神戸100年映画祭の総合プロデューサーだった伊良子序(いらこはじめ)さんの知のオアシス『木馬座』がスタートします!
その昔、劇場のロビーにはサロンがあった。映画や音楽、芝居の余韻の中でみんなが自然に交流した。孤独な現代人が忘れかけている心のオアシスをもう一度芽生えさせたい。そんなささやかな願いをこめて、文化のたまり場「木馬座」がスタートします。
伊良子序(いらこ・はじめ=フリージャーナリスト)
vol.1 「デュラスと映画~あまりにフランス的な」
■日時 2018.8.29.水 午後2時〜5時
■場所 MOKUBA’S TAVERN
神戸市中央区北長狭通3丁目12-14ザ・ベガ・トアロード
078-391-2505
■料金 1,500円(ワンドリンク付)
■お話 伊良子序
第一回の鑑賞作品は、フランス映画の「雨のしのび逢い」。ヌーボーロマンの旗手、マルグリット・デュラスの小説「モデラート・カンタービレ」が原作の、静かな大人の恋愛映画を鑑賞し、デュラスが試みた文学と映像のコラボについて語る。
「雨のしのび逢い」
原作: マルグリット・デュラス 「モデラート・カンタービレ」
1960年フランス映画
監督ピーター・ブルック(英)
脚本マルグリット・デュラス
撮影アルマン・ティラール
音楽ディアベリのソナチネ
出演ジャンヌ・モロー (カンヌ映画祭主演女優賞)
ジャン=ポール・ベルモンド
フランス映画のヌーベルヴァーグと文学のヌーボーロマンは密接に関係していた。その橋渡し役をもっとも積極的に担ったのは女性作家で後に映画も監督したマルグリット・デュラスであった。「二十四時間の情事」や「かくも長き不在」など名作映画のダイアローグを書いたのもデュラスで、彼女は映像的なエクリチュール(文体)に強く惹かれていた。

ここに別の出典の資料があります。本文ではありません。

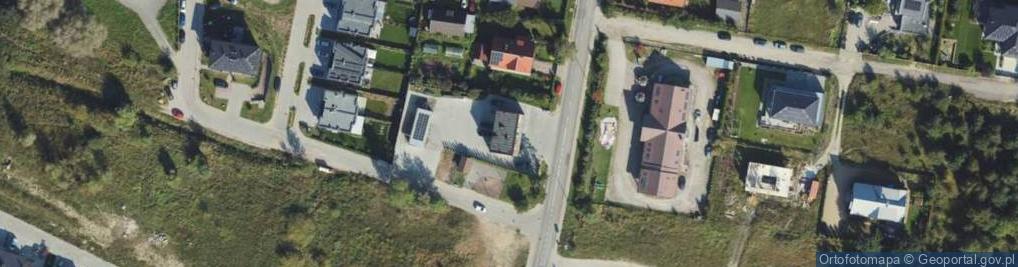 Zdjęcie satelitarne Podstawowa Stacja Kontroli Pojazdów Mański, GD/049/P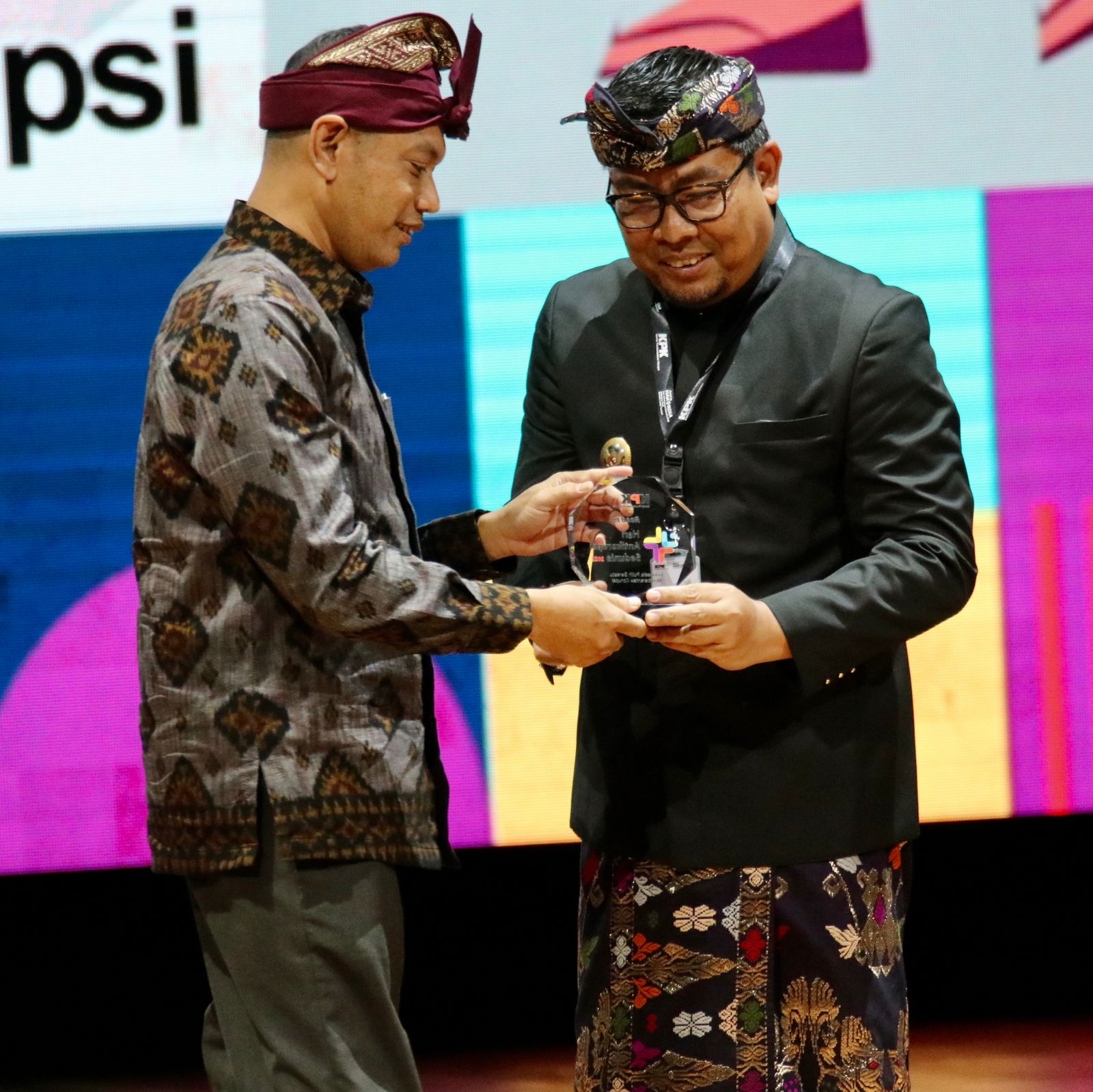 Wawali Arya Wibawa Hadiri Pembukaan Road to Hakordia Tahun 2022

この作品の原作となった小説「モデラート・カンタービレ」は音楽用語で「普通のはやさで歌うように」の意味。まさに物語の進行をそのまま表している。
そのデリケートなテンポを正確に捉えたティラールのカメラワークは秀逸。なお、フランスを代表する大スターのモローとベルモンドが共演したのは、意外なことにこの一作のみである。